こうして、その日の夕食時の惨劇により食料が全て消え、サフィラとメイルとミーティアを除く全員が腹痛を患ったのであった。
〜〜〜〜〜〜〜〜〜〜〜〜〜〜〜〜〜〜〜〜〜〜〜〜〜〜〜〜〜
「あ、あの……申し訳ございません。私のせいで…」
「いや、いいんだ。ミーティアは一生懸命作ってくれたんだから。
それより、君はお腹空かないの?」
「私は元々小食なので……すみません、料理なんかしたことが無かったもので…」
すまなそうにうなだれるミーティア。彼女に悪気はないのだが、それでも食べた者全員の体調を崩す殺人カレーを作り上げた腕は凄まじい。
「あぁ……なんか食べ物ないかなぁ……。
ヤンガス、『盗賊の鼻』でなんか見つけられない?」
そんなことを呟いたのはエイトである。ヤンガスの特技・『盗賊の鼻』は、宝箱の在処しか見つけられない。そのことも忘れてしまうほど、今のエイトは追い詰められている。
サフィラは彼の様子を見て、ひとつため息をついた。
「エイト……気持ちは分かるけれど、そんなんで見つけられたら誰も苦労しな…」
「あっあにきぃぃ!!こっちからいい匂いがするでやんす!!」
「でかしたヤンガス!!」
「嘘だろ!?」
ヤンガスの声を聴きそこに飛び出していくエイト。
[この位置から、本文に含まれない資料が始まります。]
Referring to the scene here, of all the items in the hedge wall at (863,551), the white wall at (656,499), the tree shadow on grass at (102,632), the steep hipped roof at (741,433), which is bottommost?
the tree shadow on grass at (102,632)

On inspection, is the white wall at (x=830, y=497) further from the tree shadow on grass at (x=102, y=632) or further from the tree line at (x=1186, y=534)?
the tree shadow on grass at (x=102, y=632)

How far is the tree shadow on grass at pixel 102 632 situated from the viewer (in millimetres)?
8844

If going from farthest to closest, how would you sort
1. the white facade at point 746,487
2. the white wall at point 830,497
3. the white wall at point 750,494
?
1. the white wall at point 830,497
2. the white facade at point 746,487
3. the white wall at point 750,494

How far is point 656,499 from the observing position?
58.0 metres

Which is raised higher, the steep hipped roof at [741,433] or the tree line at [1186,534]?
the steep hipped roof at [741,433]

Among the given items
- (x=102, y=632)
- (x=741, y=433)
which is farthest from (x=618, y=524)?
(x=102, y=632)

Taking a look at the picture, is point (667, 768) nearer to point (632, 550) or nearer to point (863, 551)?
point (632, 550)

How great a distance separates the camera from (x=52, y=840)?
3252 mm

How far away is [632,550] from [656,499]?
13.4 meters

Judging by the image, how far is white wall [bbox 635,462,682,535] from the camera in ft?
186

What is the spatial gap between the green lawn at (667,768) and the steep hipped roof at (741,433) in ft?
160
…食い盛りとは、恐ろしい。
サフィラたちも慌てて二人の後を追うと、確かにいい匂いがしてきた。
「…!これか……」
そこには、火にかけられたままのスープと携帯食料が置いてあった。
あたかも、今まで誰かがそこにいたような風景に、サフィラは違和感を覚える。
「どうして、こんなところに…?」
「……どうやら、ここでとても古い呪文が使われたようね」
ゼシカが地面に手を触れながらつぶやく。
「精霊の気配が全く感じられない……ということは、まさかこれはパル……」
『願い、聞き届けよう』
突然、しゃがれた声が響きあたりが光に包まれる。
同時に、体に謎の引き裂かれるような力が加わった。
(これはっ……旅の井戸と同じ力…!?)
「っ…なんなんだよ、一体ぃぃぃぃっ!!」
その叫び声も空間のねじれに吸い込まれて、レーナたちと同じ様にサフィラたちも消えた。